In 1976, he moved to University of California, Santa Barbara, where he remained until his retirement in 2012. Here he continued his work on band offsets and developed an experimental method to determine these energy bands.
In the late 1970s, he returned to heterostructure bipolar transistor (HBT), a work he had started in early 1950s. He soon realized that the technology developments, which enabled the invention of the DH laser, was also appropriate for development of the HBT and began to advocate that strongly.
Professor Kroemer retired in 2012. However, he remains attached to the University of California as Professor Emeritus and continues to work on various semiconductor topics.
Major Works
Herbert Kroemer is best known for his work on heterostructure bipolar transistors (HBP). In 1957, he published a paper, in which he described his idea of quasielectric fields, which turned out to be the fundamental design for all heterostructures.

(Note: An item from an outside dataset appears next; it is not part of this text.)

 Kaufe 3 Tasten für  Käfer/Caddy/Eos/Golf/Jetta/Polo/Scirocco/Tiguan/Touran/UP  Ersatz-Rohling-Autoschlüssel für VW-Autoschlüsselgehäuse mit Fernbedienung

Later in 1963, he carried out the calculation and theoretically showed that heterostructure transistor would be superior to a conventional transistor, especially for certain high-frequency uses. This is because unlike most computer chips and semiconductor components heterostructures are made of different materials.
Awards & Achievements
In 2000, Herbert Kroemer was jointly awarded the Nobel Prize in Physics "for developing semiconductor heterostructures used in high-speed- and opto-electronics". His co-recipients were Zhores I. Alferov and Jack S. Kilby. Kroemer and Alferov got one-fourth of prize share each, while Kilby got the other half "for his part in the invention of the integrated circuit".
In addition, he has received numerous other awards, among which J J Ebers Award (1973) and IEEE Medal of Honor (2002) are most significant.
He was elected a member of National Academy of Engineering (Foreign Associate) in 1997 and National Academy of Sciences (Foreign Associate) in 2003.
Trivia
When Kroemer decided to pursue higher studies with physics, his father, not knowing anything about the subject, merely asked him if he could make a decent living with it. When Kroemer assured him that he could always become a teacher at a gymnasium, he was contented.
Although he was appointed as the Professor of Electrical Engineering at the University of Colorado and later at the University of California his degree in Engineering is honorary.